Dieses Modell können wir auf verschiedene Lebensbereiche anwenden und schauen, ob und wie sich unser Leben durch die Beherzigung dieser Aspekte zum Positiven verändert.
Wir neigen dazu, die Dinge nach außen zu delegieren. Und das Außen ist meistens ein Spiegel von uns selbst.
In der Psychotherapie gibt es unterschiedliche Ansätze. Die Positive Psychotherapie nach Tayyab Rashid und Martin Seligman beruht auf der Aktivierung der Ressourcen und Stärken und ist verhaltenstherapeutisch ausgerichtet. In der Therapie werden die positiven Aspekte herausgearbeitet und trainiert. Ein Bestandteil der Übungen ist z.B. ein Dankbarkeitstagebuch. Patient:innen werden befähigt, selbst wesentlichen Einfluss auf die eigene Heilung zu nehmen. Seligman sieht in Ansätzen der Positiven Psychologie mindestens eine Ergänzung zu traditionellen Psychotherapieformen und zeigt auf, dass sie zumindest teilweise tatsächlich glücklicher machen können.

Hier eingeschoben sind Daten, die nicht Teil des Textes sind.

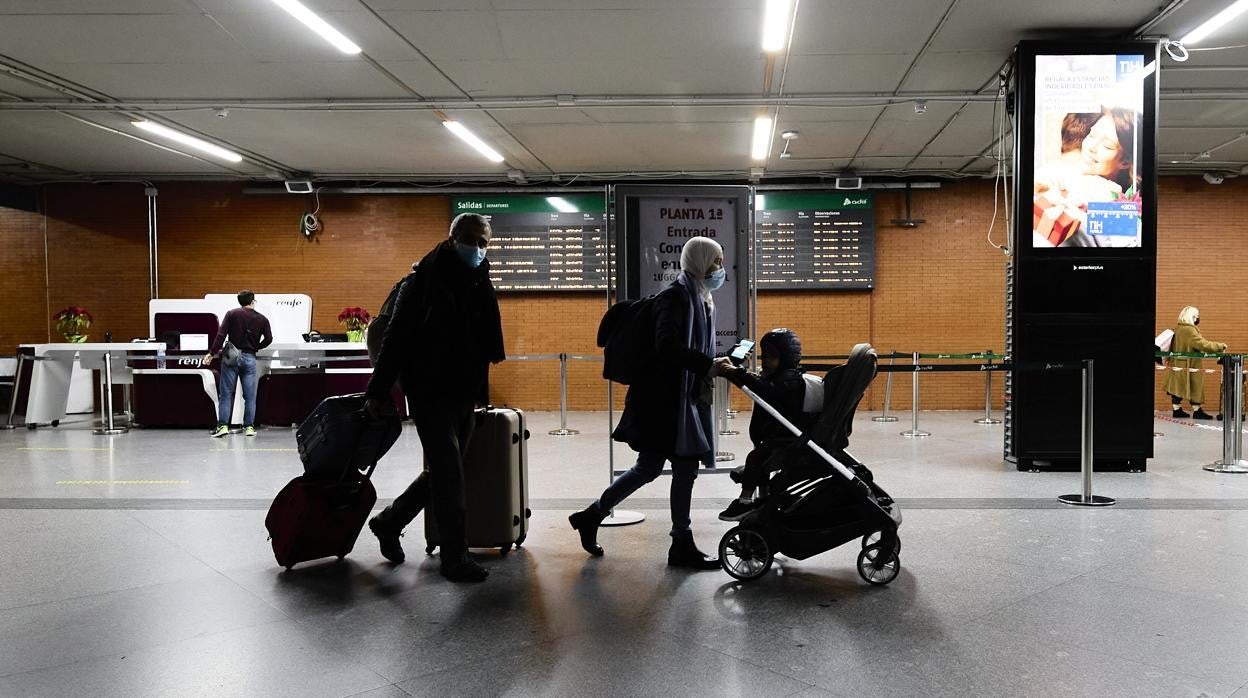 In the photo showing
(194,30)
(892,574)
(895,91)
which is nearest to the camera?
(892,574)

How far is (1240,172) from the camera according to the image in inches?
428

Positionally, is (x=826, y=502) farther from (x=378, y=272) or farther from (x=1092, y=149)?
(x=378, y=272)

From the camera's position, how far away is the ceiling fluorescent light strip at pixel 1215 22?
18.4 feet

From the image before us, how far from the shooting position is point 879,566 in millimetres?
3303

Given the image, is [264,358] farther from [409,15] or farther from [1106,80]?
[1106,80]

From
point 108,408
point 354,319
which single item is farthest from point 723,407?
point 108,408

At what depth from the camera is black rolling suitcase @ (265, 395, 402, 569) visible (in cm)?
339

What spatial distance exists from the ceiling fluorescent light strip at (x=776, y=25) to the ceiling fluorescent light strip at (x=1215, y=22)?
2.92m

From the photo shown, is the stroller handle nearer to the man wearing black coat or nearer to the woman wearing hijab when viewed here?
the woman wearing hijab

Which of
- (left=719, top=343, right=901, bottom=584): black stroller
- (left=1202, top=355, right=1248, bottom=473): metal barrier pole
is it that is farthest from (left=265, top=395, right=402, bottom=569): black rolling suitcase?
(left=1202, top=355, right=1248, bottom=473): metal barrier pole

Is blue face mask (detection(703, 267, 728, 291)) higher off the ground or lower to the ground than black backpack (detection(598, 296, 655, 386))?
higher

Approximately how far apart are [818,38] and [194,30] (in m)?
4.48

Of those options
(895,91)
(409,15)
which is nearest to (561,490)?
(409,15)

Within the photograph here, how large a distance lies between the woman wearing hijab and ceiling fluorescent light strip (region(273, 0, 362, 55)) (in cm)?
362
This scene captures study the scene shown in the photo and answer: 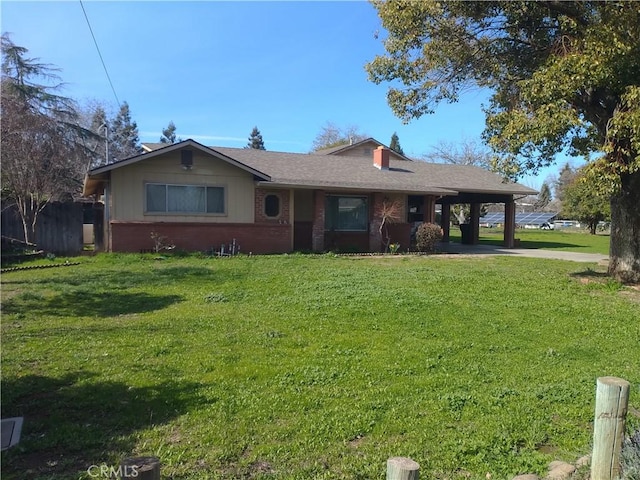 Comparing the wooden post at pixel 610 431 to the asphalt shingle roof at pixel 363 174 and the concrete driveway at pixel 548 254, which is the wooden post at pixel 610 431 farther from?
the concrete driveway at pixel 548 254

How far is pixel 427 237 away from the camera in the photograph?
18.8 m

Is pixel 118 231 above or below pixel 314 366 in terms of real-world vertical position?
above

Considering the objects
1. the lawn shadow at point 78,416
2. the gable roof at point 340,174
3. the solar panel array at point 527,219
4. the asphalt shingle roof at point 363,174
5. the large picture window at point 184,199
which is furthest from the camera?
the solar panel array at point 527,219

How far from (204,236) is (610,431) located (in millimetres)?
14893

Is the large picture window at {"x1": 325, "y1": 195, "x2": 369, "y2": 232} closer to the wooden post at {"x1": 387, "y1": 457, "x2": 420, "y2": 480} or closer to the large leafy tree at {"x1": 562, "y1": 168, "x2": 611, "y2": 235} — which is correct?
the wooden post at {"x1": 387, "y1": 457, "x2": 420, "y2": 480}

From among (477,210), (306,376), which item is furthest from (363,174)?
(306,376)

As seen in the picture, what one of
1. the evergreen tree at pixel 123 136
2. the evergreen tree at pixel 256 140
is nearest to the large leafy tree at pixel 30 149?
the evergreen tree at pixel 123 136

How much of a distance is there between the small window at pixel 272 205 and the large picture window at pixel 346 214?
2332 mm

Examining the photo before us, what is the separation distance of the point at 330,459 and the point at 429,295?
618cm

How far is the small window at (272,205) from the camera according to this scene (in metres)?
17.7

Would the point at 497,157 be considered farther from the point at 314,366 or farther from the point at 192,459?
the point at 192,459

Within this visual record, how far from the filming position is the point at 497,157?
1110cm

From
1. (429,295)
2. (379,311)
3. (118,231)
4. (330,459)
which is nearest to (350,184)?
(118,231)

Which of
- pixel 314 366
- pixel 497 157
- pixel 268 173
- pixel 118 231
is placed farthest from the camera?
pixel 268 173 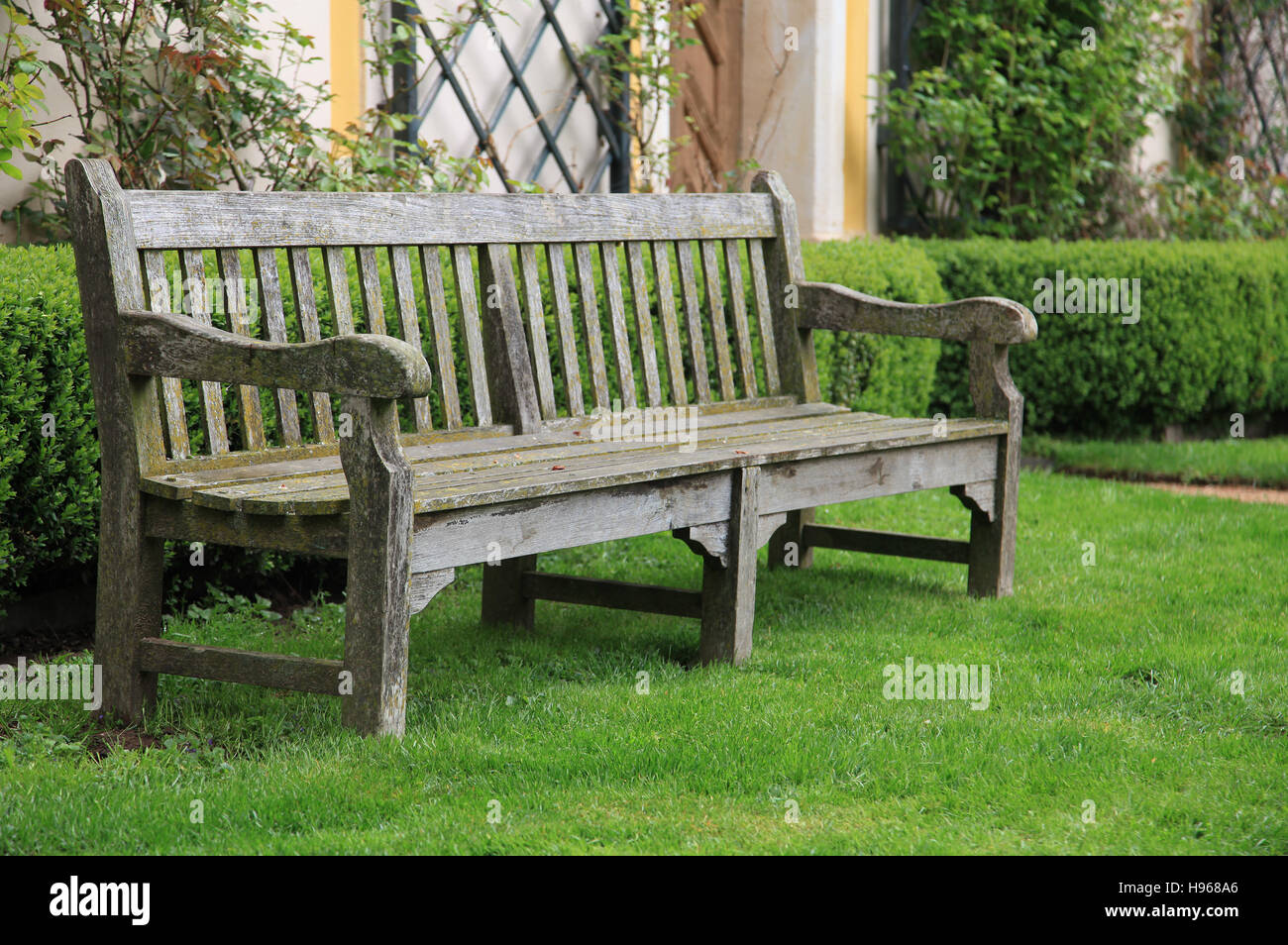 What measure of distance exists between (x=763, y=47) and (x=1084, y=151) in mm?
2516

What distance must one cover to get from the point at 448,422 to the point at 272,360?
3.17 ft

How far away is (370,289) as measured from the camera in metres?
3.72

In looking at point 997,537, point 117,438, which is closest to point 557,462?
point 117,438

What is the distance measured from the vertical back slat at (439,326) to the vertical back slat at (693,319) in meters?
0.94

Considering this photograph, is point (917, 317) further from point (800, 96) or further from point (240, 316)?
point (800, 96)

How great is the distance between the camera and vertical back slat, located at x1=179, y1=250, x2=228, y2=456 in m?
3.35

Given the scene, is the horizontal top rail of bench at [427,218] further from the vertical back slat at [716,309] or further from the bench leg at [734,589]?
the bench leg at [734,589]

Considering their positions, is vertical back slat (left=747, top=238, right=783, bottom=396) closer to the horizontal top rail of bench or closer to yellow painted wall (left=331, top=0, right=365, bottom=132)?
the horizontal top rail of bench

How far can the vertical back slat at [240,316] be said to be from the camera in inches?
134

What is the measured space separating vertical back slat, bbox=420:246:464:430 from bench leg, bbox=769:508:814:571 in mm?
1536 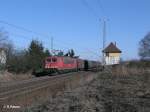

Auch im beruflichen Kontext hat sich die Positive Psychologie etabliert. ‘positive leadership’ geht ursprünglich auf den Informatiker Kim Cameron zurück und entwickelt sich zunehmend weiter. Dabei geht es ebenfalls darum, die Stärken und Ressourcen der Mitarbeitenden zu kennen und entsprechend einzusetzen und zu fördern. Ziel ist unter anderem, das Selbstwirksamkeitserleben zu stärken, den Teamgeist, die Arbeitszufriedenheit und Produktivität zu erhöhen.
Bei allem Guten, was das Positive verspricht, sind unser Dasein und unser Leben komplex. Wir stehen in ständiger Wechselwirkung mit der Umwelt, und die Realität zeigt uns manchmal einfach auf, dass nicht alles nur ‘rosig’ ist und es immer eine gesunde Mischung braucht. Der Trend geht zunehmend dahin, auch negative Emotionen und Situationen sowie unsere Schwächen und menschlichen Fehler als Bestandteil des Lebens zu sehen und zu integrieren. So wird ihnen der Beigeschmack des Negativen oder Defizitären genommen. Wir streben alle nach Glück und Erfolg, aber das ist eben nicht alles, sondern ein Bestandteil des Lebens wie vieles andere.
Ein Optimist ist ein Mensch, der alles halb so schlimm oder doppelt so gut findet.